*** Opening of DATA ***

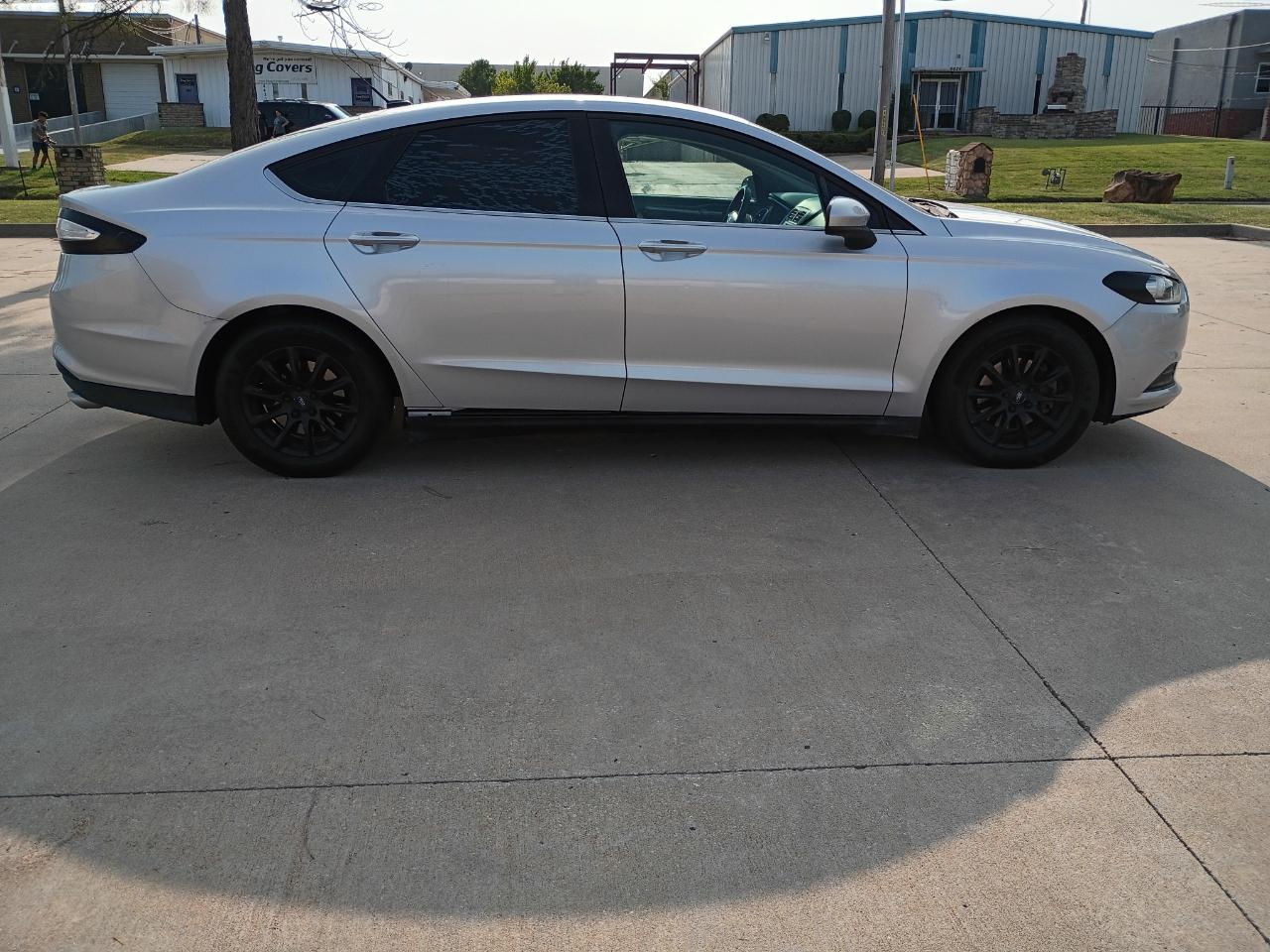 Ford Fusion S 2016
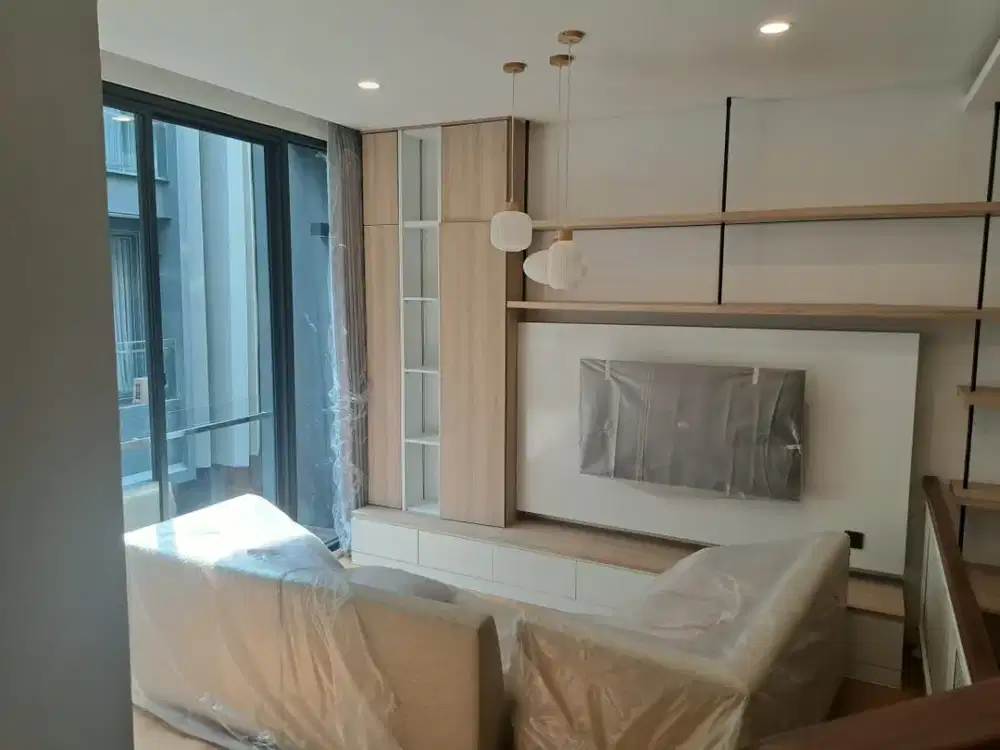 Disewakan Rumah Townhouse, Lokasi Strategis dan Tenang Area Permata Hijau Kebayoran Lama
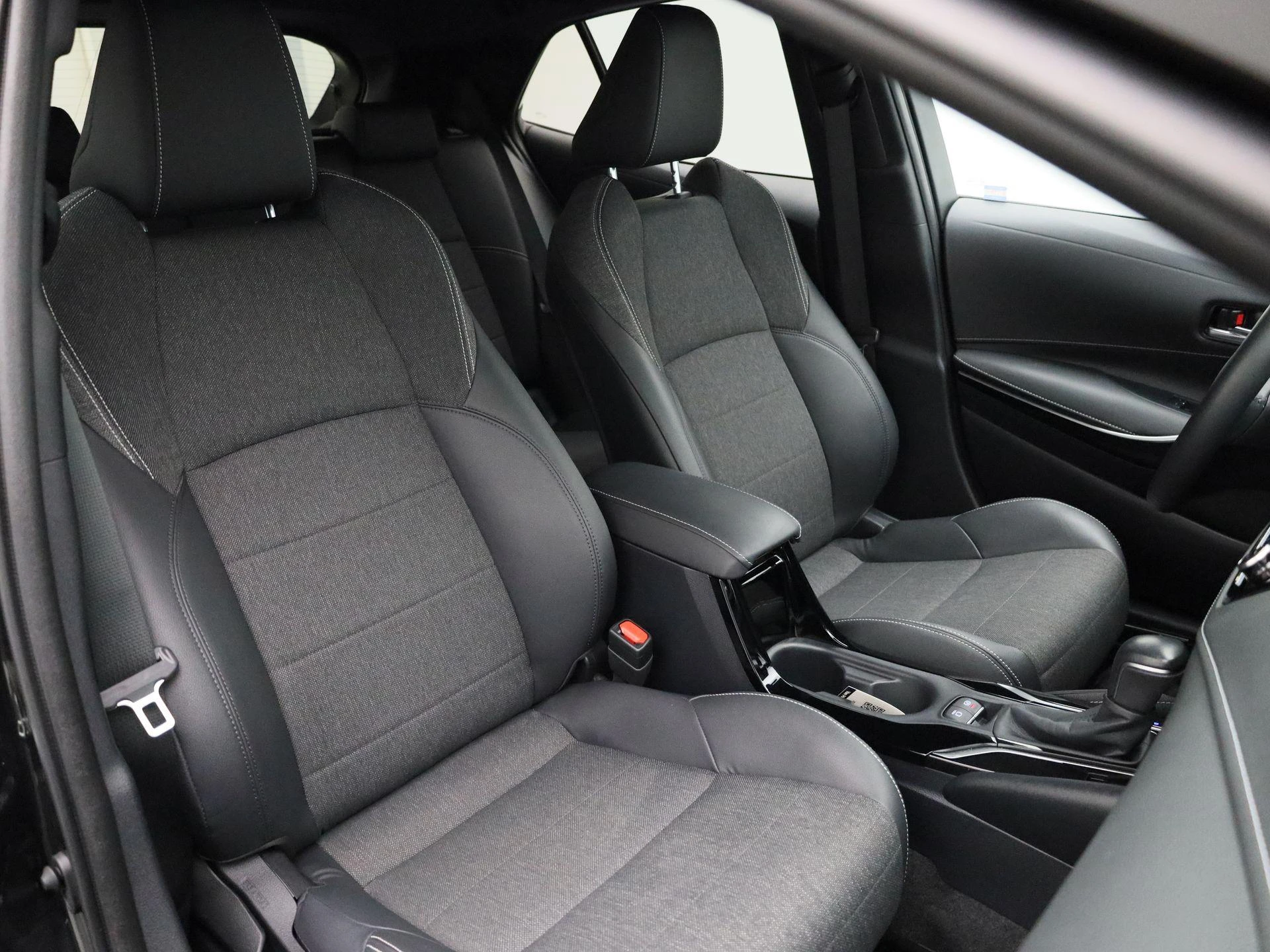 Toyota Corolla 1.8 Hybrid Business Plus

*** Close of DATA ***
*** Opening of DATA ***

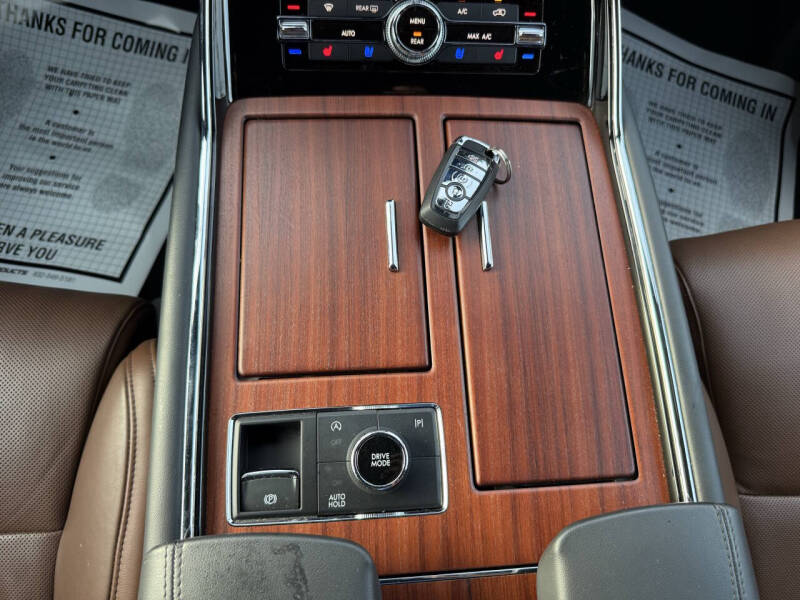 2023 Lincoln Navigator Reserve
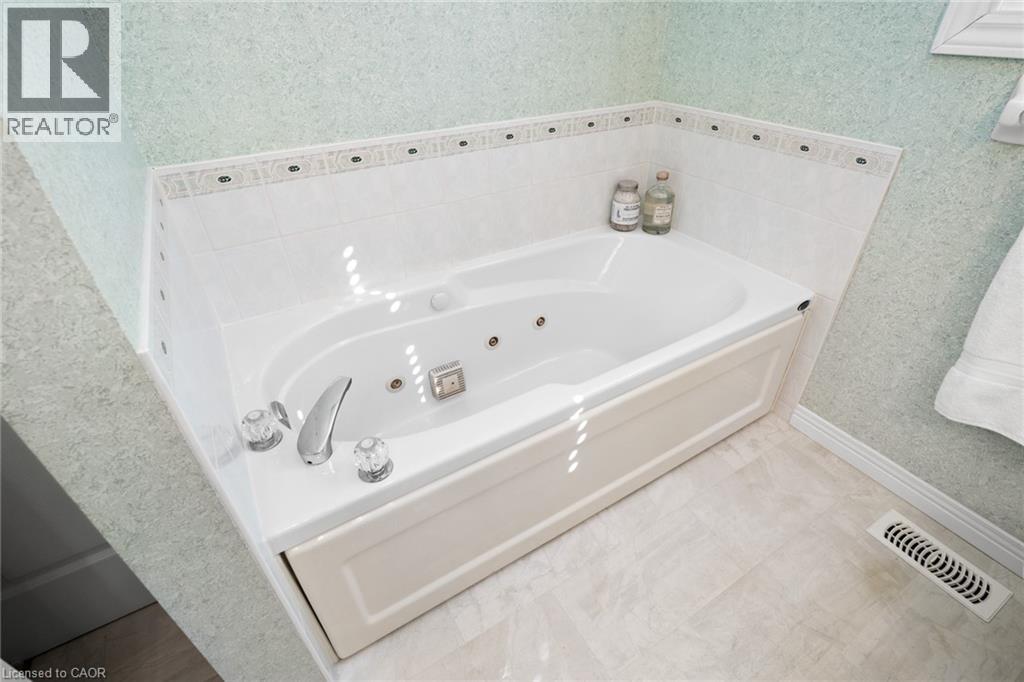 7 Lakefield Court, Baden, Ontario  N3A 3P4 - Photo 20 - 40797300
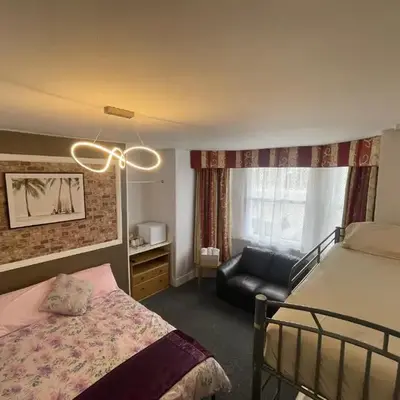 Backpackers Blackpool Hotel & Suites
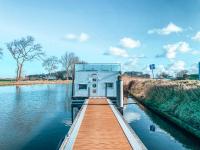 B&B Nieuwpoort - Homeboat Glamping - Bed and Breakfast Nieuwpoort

*** Close of DATA ***

**TASK BRIEF**
Which part of the entries opens with the line containing "7 Lakefield Court, Baden, Ontario" and closes with the line containing "B&B Nieuwpoort - Homeboat"? Output that part exactly, ends included, pictures excluded.

**TASK RESPONSE**
 7 Lakefield Court, Baden, Ontario  N3A 3P4 - Photo 20 - 40797300
 Backpackers Blackpool Hotel & Suites
 B&B Nieuwpoort - Homeboat Glamping - Bed and Breakfast Nieuwpoort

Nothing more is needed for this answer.